People think I’m disciplined. It’s not discipline.
It’s devotion. There is a great difference.
I’m not disciplined. I don’t write an hour every day like “they” say you are supposed to. I work. I have a day job and I have a lot to do with just marketing what I have muchless find the time to write something new.
I am disciplined in staying focused on my work until it’s done.
I was taught at an early age work before play. That makes it very difficult when I consider writing my play time. However, I also consider it work. Not they oh-man-I-don’t-want-to-get-out-of-bed –and-deal-with-the-day kind of work – I love what I do. I am lucky.
The difference is I am devoted. Devoted toward my clients because they pay my bills. Devoted towards doing a good job because word of mouth advertising is all I can afford (oh, future blog topic) …Where was I?…

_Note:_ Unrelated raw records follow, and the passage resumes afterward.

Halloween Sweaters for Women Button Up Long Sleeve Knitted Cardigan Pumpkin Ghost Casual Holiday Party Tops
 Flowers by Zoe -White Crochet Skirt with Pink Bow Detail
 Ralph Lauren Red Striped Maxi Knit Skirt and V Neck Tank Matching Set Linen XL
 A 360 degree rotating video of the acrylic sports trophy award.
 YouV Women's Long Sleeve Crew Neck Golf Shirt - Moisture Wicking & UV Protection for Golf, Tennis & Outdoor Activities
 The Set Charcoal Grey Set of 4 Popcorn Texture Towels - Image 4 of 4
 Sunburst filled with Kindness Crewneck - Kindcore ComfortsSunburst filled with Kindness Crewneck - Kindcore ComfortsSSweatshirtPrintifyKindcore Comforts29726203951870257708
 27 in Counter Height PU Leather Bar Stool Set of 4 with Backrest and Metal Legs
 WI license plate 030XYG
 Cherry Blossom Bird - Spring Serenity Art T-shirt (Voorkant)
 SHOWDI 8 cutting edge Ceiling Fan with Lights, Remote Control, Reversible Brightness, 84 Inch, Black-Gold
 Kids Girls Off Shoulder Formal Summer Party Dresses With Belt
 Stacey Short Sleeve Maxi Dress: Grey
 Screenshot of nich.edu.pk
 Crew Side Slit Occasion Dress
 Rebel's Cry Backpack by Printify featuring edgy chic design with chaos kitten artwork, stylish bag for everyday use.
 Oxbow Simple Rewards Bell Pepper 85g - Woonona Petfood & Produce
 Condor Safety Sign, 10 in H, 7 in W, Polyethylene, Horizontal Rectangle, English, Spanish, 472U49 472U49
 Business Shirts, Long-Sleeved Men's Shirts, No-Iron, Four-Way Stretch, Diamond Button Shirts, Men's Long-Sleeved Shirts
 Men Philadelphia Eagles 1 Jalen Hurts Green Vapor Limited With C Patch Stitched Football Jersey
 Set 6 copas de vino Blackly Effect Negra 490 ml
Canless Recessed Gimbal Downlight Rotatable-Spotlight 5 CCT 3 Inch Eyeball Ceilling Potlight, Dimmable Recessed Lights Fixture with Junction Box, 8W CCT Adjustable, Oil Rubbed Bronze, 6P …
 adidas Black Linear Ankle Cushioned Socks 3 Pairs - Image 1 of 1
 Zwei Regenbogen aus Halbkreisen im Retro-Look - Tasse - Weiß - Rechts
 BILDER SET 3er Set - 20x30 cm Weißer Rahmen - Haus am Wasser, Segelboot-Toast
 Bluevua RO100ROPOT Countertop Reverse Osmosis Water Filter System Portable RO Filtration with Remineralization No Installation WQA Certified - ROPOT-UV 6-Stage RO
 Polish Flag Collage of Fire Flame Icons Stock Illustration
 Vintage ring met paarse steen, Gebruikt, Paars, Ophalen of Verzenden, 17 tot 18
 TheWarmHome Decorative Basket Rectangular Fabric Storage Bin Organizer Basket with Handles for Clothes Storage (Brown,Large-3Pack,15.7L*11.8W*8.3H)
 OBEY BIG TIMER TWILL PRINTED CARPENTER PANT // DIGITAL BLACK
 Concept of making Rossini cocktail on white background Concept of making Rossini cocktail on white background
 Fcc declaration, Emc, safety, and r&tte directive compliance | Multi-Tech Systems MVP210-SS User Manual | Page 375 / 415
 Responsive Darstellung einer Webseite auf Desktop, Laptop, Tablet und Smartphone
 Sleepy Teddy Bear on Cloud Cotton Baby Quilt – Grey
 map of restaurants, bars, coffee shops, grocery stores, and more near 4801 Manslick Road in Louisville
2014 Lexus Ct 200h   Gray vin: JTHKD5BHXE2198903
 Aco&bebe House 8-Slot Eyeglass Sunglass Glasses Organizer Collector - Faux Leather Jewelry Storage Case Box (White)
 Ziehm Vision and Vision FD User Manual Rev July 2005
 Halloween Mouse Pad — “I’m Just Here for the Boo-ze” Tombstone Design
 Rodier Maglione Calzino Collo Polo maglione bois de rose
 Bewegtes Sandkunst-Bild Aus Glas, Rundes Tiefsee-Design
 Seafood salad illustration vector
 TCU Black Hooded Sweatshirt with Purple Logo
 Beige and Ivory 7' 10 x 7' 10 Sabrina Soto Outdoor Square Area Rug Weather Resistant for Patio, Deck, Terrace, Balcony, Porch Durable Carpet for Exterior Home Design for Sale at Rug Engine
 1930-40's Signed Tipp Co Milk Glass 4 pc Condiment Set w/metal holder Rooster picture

I am devoted towards becoming an author.
Not necessarily well-known, but published, established… I want my stories to be available for reading; and yes, of course, I want them read. Do I need millions to read them? It would be nice, but no, not necessary. If I get a thousand happy readers, that’s a thousand more than I had when I first started. If I get a hundred rave reviews, that’s a hundred more than before. And if I make it big, whatever that means, then I’m going to be happy. Will I not be happy until then? No. I’m already ecstatic that I am doing so well, that my stories are getting out there. That people like them.
I am devoted to always putting topics out here that inspire, teach and maybe even answer questions or even help questions get asked.
I may not be Pavarotti (Lord knows my voice couldn’t hold a candle to his) but I am trying. And that is what matters.